"Indestructible" botnet runs amok
By Chris Taylor
04/07/2011
Security researchers at Kapersky Lab have release details of a seemingly "indestructible" botnet.
TDL-4 is the fourth generation of the botnet, which attempts to riddle a vulnerable computer with malware before the operating system (OS) boots.
Once infected, cyber criminals can "manipulate adware and search engines, provide anonymous Internet access, and act as a launch pad for other malware," Kapersky revealed in a blog post.
Virus writers have made each iteration of the malware harder to detect, burying it deeper and deeper within the OS.
As with any new virus or malware, patch management software is highly recommended as line of first defense to ensure that computer systems are up-to-date and ready to combat attacks.
Explaining the sophistication of TDL-4, Kaspersky wrote: "The malware writers extended the program functionality, changed the algorithm used to encrypt the communication protocol between bots and the botnet command and control servers, and attempted to ensure they had access to infected computers even in cases where the botnet control centers are shut down.
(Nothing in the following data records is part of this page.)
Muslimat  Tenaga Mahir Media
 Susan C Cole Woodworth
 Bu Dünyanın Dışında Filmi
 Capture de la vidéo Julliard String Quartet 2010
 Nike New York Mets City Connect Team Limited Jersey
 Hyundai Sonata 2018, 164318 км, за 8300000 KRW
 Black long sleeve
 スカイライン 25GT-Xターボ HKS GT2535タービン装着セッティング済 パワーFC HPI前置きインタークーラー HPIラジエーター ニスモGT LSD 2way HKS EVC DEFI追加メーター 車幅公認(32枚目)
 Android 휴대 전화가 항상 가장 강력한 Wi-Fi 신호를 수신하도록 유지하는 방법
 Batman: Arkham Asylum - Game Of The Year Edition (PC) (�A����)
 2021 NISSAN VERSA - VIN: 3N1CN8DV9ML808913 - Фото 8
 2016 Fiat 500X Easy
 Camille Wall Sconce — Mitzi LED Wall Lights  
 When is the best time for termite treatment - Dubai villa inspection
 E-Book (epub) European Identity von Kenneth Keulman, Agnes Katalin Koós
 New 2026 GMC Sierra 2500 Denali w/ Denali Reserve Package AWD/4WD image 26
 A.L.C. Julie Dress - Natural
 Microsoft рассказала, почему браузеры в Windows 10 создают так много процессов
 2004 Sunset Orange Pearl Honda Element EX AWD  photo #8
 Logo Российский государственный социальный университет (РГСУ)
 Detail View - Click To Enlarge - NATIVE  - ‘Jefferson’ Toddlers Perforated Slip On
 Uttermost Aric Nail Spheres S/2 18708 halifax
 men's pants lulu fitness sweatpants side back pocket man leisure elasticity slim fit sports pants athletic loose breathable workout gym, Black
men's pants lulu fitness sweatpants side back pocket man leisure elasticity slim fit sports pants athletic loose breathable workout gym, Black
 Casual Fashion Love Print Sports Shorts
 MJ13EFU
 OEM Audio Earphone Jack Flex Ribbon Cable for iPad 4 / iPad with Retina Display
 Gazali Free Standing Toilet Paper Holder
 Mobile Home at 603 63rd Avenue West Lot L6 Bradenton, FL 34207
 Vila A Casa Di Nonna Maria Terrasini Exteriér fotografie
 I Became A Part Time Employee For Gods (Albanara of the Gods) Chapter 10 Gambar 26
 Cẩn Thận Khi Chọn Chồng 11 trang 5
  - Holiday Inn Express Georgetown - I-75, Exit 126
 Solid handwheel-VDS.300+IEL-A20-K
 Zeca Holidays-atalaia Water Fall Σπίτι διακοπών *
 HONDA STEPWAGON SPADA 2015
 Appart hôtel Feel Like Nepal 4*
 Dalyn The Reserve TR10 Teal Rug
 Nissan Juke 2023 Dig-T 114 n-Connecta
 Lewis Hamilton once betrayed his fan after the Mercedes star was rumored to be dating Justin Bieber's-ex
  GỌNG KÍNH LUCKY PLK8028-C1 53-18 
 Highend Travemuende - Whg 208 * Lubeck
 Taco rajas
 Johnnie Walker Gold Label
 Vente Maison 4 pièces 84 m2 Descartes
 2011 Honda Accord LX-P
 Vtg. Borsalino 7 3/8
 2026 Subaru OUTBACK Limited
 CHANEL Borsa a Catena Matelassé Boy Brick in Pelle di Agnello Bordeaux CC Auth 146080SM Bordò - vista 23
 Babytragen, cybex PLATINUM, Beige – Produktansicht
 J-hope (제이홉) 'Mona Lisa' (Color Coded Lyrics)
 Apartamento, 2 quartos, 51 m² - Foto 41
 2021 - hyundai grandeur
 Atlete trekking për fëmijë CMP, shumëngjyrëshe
"The owners of TDL are essentially trying to create an 'indestructible' botnet that is protected against attacks, competitors, and antivirus companies," it added.
CNet News cited the scale of infection across the world. They noted that 28 per cent of all infected TDL-4 computers are in the U.S. India and Indonesia infection rates stand at 7 per cent, while somewhere between 3 and 5 per cent of computers in the U.K., Italy, France, and other countries are infected with TDL-4.
Collectively, more than 4.5 million computers were infected with TDL-4 in the first three months of 2011 alone.